Skeptic for Hire

The complexity and opacity of structured-investment products helped precipitate last summer’s run on liquidity.

The complexity and opacity of structured-investment products helped precipitate last summer’s run on liquidity. Reassessing how these esoteric investments are priced a year later is a bigger-than-ever priority for market professionals the world over. Enter Edeus, a Wolverhampton, U.K.–based mortgage lending specialist that says its newly launched Asset Quality Assessment Service will bring more transparency to the U.K. marketplace by allowing investors and lenders to more accurately gauge the quality of mortgage-backed asset pools. What makes Edeus’s offering unique is its scope. Whereas typical due diligence may explore as few as 15 percent of mortgage-backed assets in a debt pool, Edeus analyzes every security, using criteria like the updated credit status of borrowers and automated valuation data to predict mortgage loss rates. Its clients include investment banks, private equity firms and hedge funds.

“In this market investors are crying out for information, and our analysis is as granular as one can get,” asserts Edeus managing director Alan Cleary. Edeus was founded in 2006 as a specialist lender at a time when the mortgage business was still booming, but the abrupt shift in the climate last year pushed it to abandon its original business model in favor of credit analysis.

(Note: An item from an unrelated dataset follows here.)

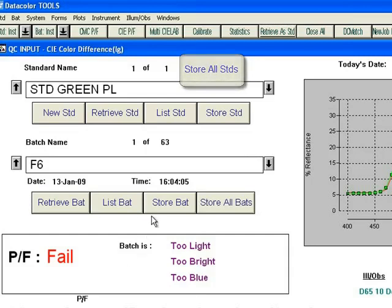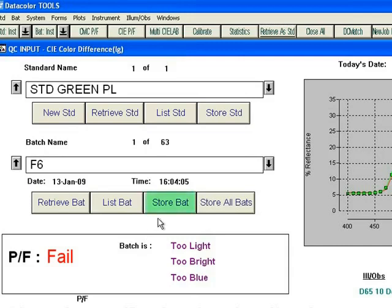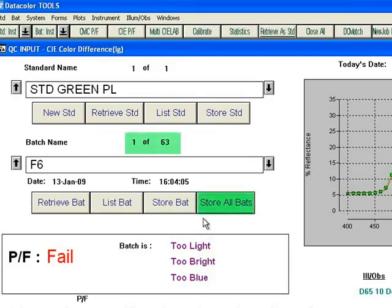We will now store batches. Notice under Batch you have two buttons for storing batches. StoreBat will store the current batch, and StoreAllBat will store all 63 batches on your desktop.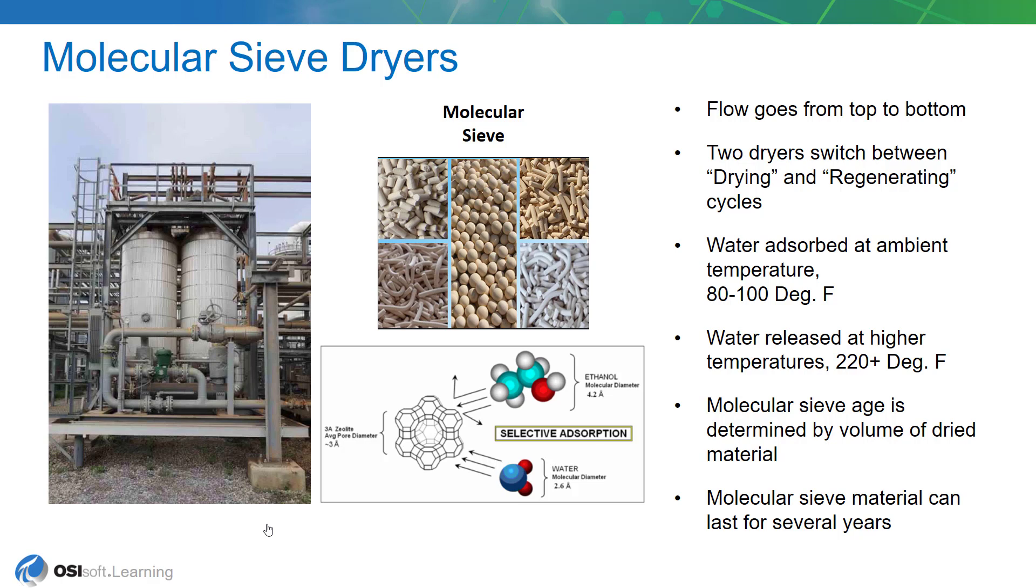Eventually the molecular sieve becomes saturated with water and needs to be regenerated. And at that point in time the liquid feed is switched over to the second dryer. And the first dryer goes into a regenerating cycle.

Having a process in place that can help demystify mortgage-backed products is a step in the right direction, says Steve Wallace, associate director of industry relations for Europe, the Middle East and Africa at the Amherst, Massachusetts–based Chartered Alternative Investment Analyst Association. “If you can start to get a better feel for how things are priced and what’s behind it, you’re in a much better position as an investor, particularly should things begin to go wrong.”
Might things have been different had these kinds of initiatives been tried before the current bust? “It’s very easy to sit here and say it didn’t seem all that risky,” Wallace notes. “But with every crisis there’s always been some important lesson learned as a result of what’s happened. And this time it’s the whole notion of transparency and price clarity — the idea of being able to assign a value to something.”